Even before he stepped into this job, he was clear about wanting to make use of HDB's dominant market leadership position to influence prices, he said, adding: "I can't set market prices in the private sector, but I can influence them."

He dismissed worries that delinking new flat prices from the resale market would mean indefinitely increasing the subsidy that taxpayers give to HDB buyers, as the property market moves in cycles and "what goes up must come down".

HDB pays market rate for its land and construction costs. Hence, when it prices flats below a market rate, it incurs a housing deficit - now in the region of about $1 billion a year, including other costs such as upgrading.

In the wide-ranging interview ahead of housing-themed sessions of Our Singapore Conversation, Mr Khaw also spoke of his plans for the future.

In lieu of the old market-based approach, he favours pricing new flats in non-mature estates at about four times the annual median income of its applicants - 30 per cent lower than the current 5.5 times.

This will be implemented "soon (as) it's not something for the next century", he said.

But how it will be instituted without affecting existing flat owners' asset values, as he has promised, is the tricky part - and what he wants Singaporeans to debate in the national conversation.

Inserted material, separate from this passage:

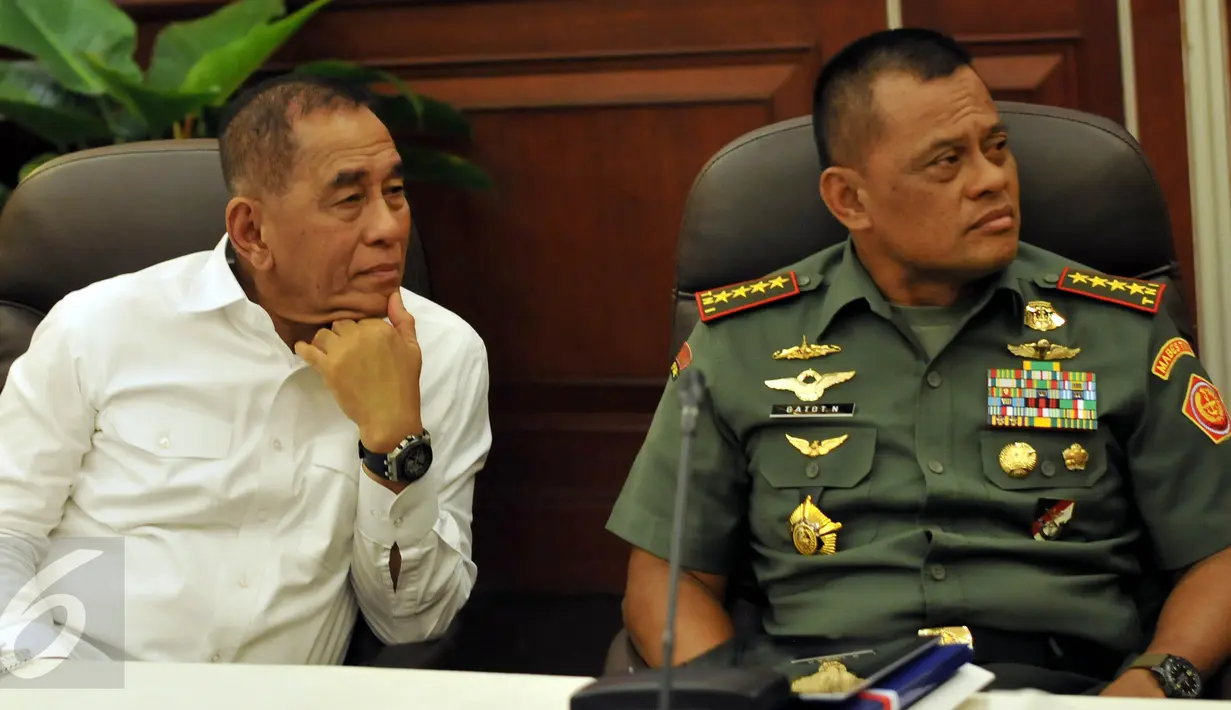 Menhan Ryamizard Ryacudu (kiri) dan Panglima TNI Jenderal TNI Gatot Nurmantyo saat menghadiri Rapim Kemhan RI Tahun 2016, Jakarta, Selasa (12/1/2016). Rapat membahas tentang meningkatkan sistem pertahanan negara. (Liputan6.com/Johan Tallo)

A four-year salary cycle is reasonable, he said, because that was what flats cost before the bull run of the last six years.

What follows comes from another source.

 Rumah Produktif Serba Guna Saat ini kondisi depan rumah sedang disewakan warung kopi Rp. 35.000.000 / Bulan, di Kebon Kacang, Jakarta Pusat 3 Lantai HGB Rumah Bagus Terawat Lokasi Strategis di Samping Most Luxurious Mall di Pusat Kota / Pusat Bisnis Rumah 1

Anything less than that, he noted, might put undue strain on the state.

Mr Khaw lamented that, judging by packed showrooms, it has not "sunk in" for Singaporeans that the era of huge capital gains from property is at an end, with slower economic and thus wage growth in the years ahead.

While property prices have moderated across the board in the past year, "there is still scope to bring (prices) down to minus (growth rates) for some segments", he said.

Despite breaking with the policies of his predecessor, Mr Khaw defended Mr Mah Bow Tan, who helmed the National Development portfolio from 1999 until he left Cabinet in 2011. He noted that in the late 1990s, Mr Mah faced a housing crash, and was heavily criticised for "ghost towns" of empty flats - a stark contrast to the supply crunch of the last few years. "If I came in four years ago," said Mr Khaw, recalling a period of economic uncertainty after the United States mortgage crisis, "my policies may be the same as his".

"When I came in, it was over and a strong recovery was being experienced, so I could do these things. Policies depend on the time. What's important is nimbleness and don't be too stubborn."

Industry players said his new approach would be popular, as the old pricing model seemed to make buyers pay more for the country's success. But they said it had to be in tandem with an adequate supply of new flats.

If there is another supply crunch like that of the last few years, BTO buyers will come into a windfall as resale prices pull away from those for new flats.

HDB has rolled out 70,000 new flats since Mr Khaw took over. "He cannot do this without his ramp-up of supply of new flats," noted PropNex Realty chief executive Mohamad Ismail. "But as long as public housing is in ample supply, this is the right and logical approach."